Pendant qu’une certaine frange de nationalistes blancs, poussés par la peur de perdre leur position de domination, maudissait l’immigration à droite, bien des minorités se réjouissaient de voir arriver au loin leur jour de gloire et de revanche. Sous le règne de Trump, cette anxiété semble plus évidente et le suprémacisme blanc, plus ostentatoire. En arrière de cette grande peur, il y a l’instrumentalisation de l’immigration par laquelle arrivera la grande dilution dans cette Amérique qui refuse que les métis puissent exister sans choisir. Mais revenons en Australie.

En Australie, en dehors des aborigènes, les autres indigènes qui se feront remplacer avec l’arrivée des Européens sont les marsupiaux. Ces groupes de mammifères au mode de reproduction atypique, qui étaient isolés sur ce continent depuis des millions d’années, connaîtront des heures sombres avec l’arrivée des chèvres, des moutons, des rats, des chats, des chiens et autres animaux de la ferme.

Ces mammifères dits placentaires, au mode de reproduction plus efficace, feront péricliter les marsupiaux, un peu comme les Européens l’ont fait aux aborigènes. Les chasseurs-cueilleurs ont exterminé la mégafaune avant d’être presque exterminés par les Européens, qui mèneront du même coup les marsupiaux au bord du précipice en les soumettant massivement à la compétition des mammifères placentaires. C’est un peu ça, l’histoire de l’Australie que ne veut pas voir le terroriste le plus célèbre du pays.

Je plains ces gens de tous bords qui croient que, comme les travaux routiers, l’identité et les appartenances doivent être coulées dans le béton jusqu’à la fin des temps.

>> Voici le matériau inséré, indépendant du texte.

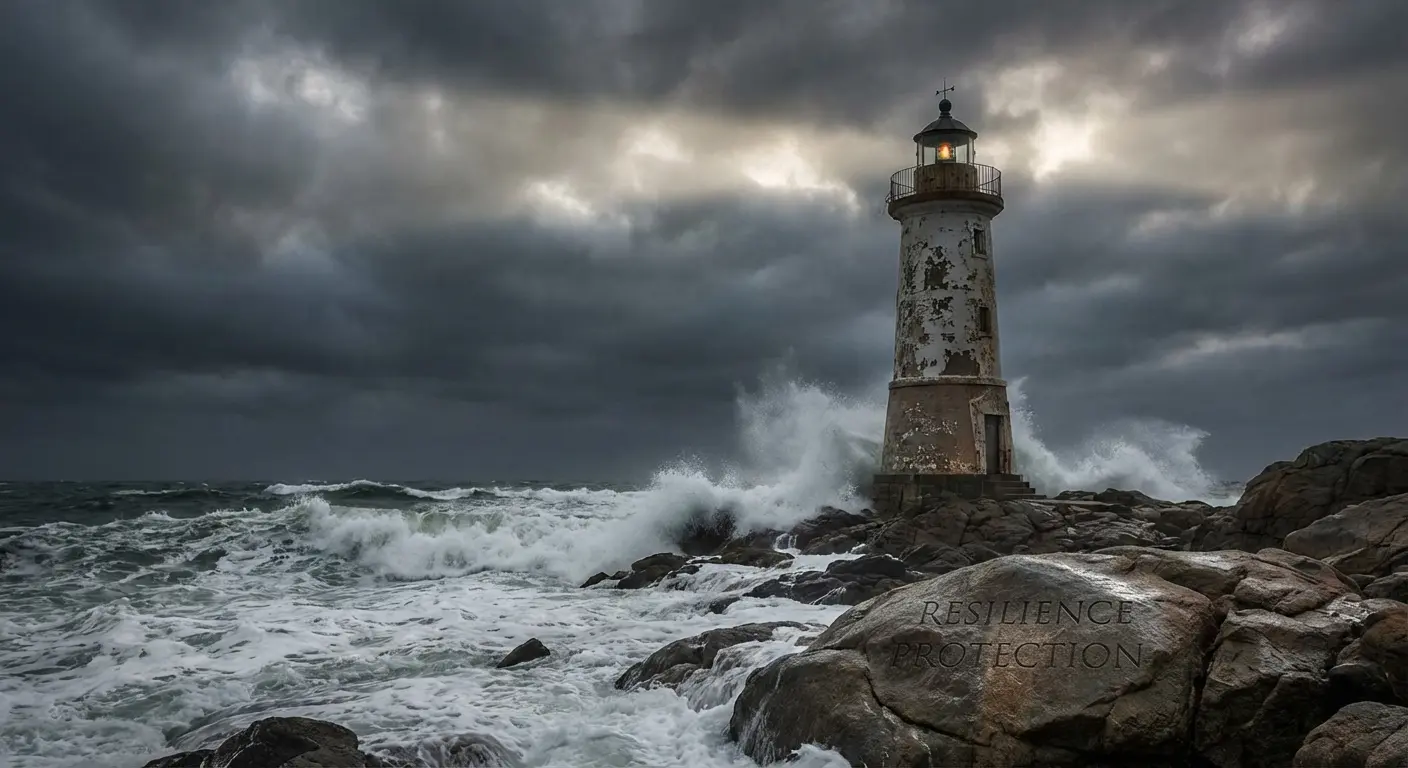 A lighthouse standing strong against crashing waves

Je les plains parce qu’ils refusent d’accepter que les mélanges de gènes soient l’un des plus puissants moteurs de l’évolution.

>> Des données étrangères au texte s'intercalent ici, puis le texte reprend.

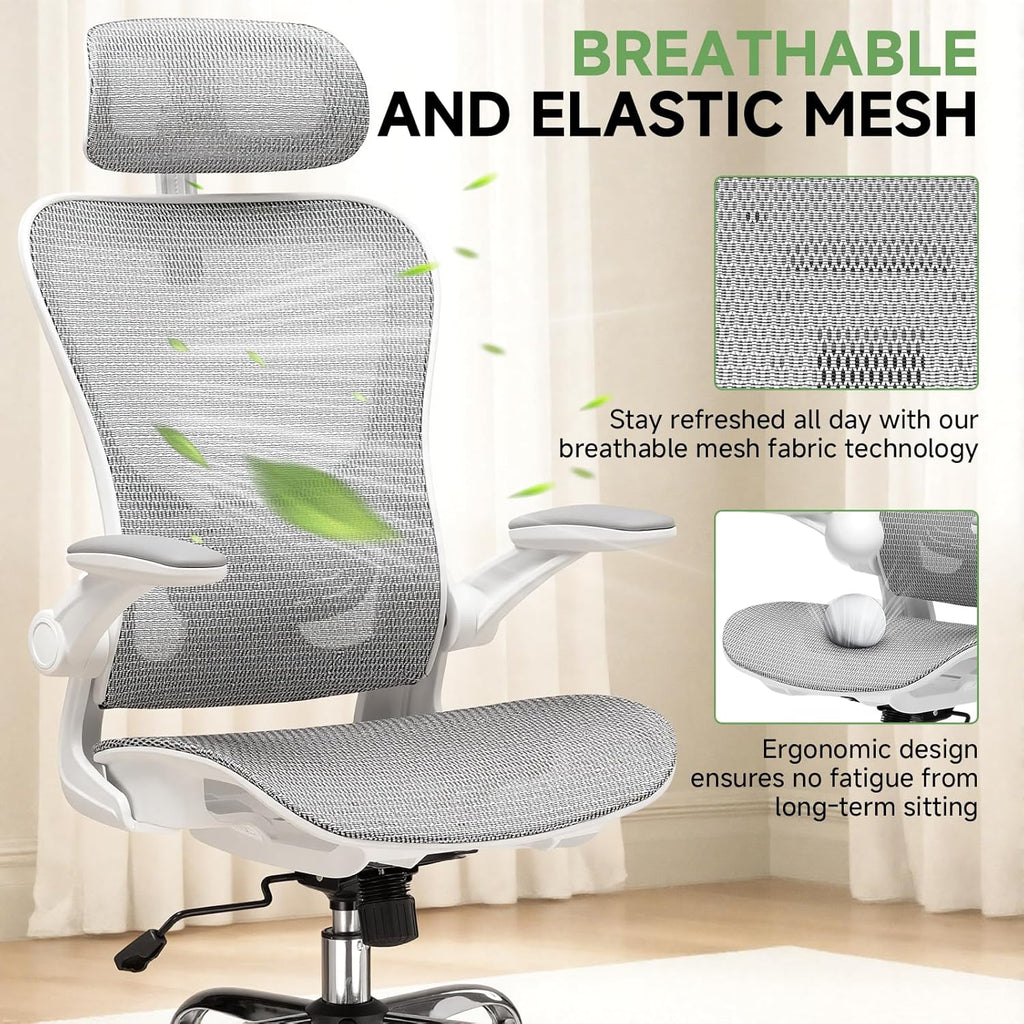 GTPLAYER Office Chair, Home Ergonomic Desk Chair with High Back Mesh, Mesh Office Computer Desk Chairs with Adjustable Lumbar Support, Rolling Work Swivel Task Chairs with 3D Armrests and Headrest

Peut-être faut-il rappeler aux adeptes de la pureté génétique que pour chaque cellule de leur corps, il y a 10 cellules bactériennes. Ce qui crédite les bactéries d’une majorité absolue dans chaque corps humain. Comment prétendre à la pureté génétique quand on est fait de 100 fois plus de gènes microbiens que de gènes humains ? Même les bactéries, qui se reproduisent en se séparant en deux parties identiques, prennent parfois le temps d’échanger des fragments de matériel génétique pour augmenter la diversité et, par conséquent, la force de leur population.

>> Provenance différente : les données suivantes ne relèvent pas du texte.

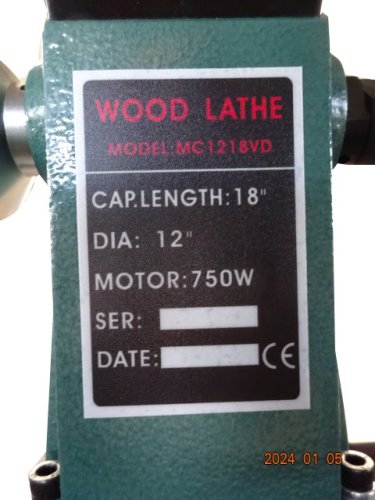 Верстат токарний по дереву MC1218VD (750 Вт 220В)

Chez ceux qui se référent aux thèses de Renaud Camus ou aux prophéties du journaliste Stephen Smith, à qui on doit un autre pamphlet intitulé La ruée vers l’Europe, les mythes sont indécrottables. Ici, on prédit le remplacement de 25 % des populations européennes dites « de souche » par des migrants subsahariens en 2050. Pour la droite identitaire déjà très préoccupée par le complot d’islamisation de l’Europe, j’imagine que la faillite anticipée d’une bonne partie des salons de bronzage dans à peine une génération est la nouvelle de trop.

En France, si une étude publiée en septembre 2018 par l’Institut national d’études démographiques (INED) a complètement invalidé cette prévision alarmiste, chez les adeptes du complot et autres fanatiques du niveau d’activité mélanocytaire, les préjugés sont tenaces. Les chercheurs évaluent ce pourcentage de subsahariens dans la population française à 2,9 % en 2050. On est bien loin de l’invasion africaine qui fait broyer du noir chez une certaine droite identitaire xénophobe.

Pourquoi l’Europe, qui a envahi, colonisé et exterminé tellement de populations sur Terre, sombre-t-elle dans une profonde réclusion identitaire propice à ces idées bien exagérées de remplacement et de substitution de sa dite civilisation judéo-chrétienne ? Bon, disons une partie de l’Europe, car bien heureusement, les gens pour combattre ces idées d’exclusion sont encore largement majoritaires sur le continent.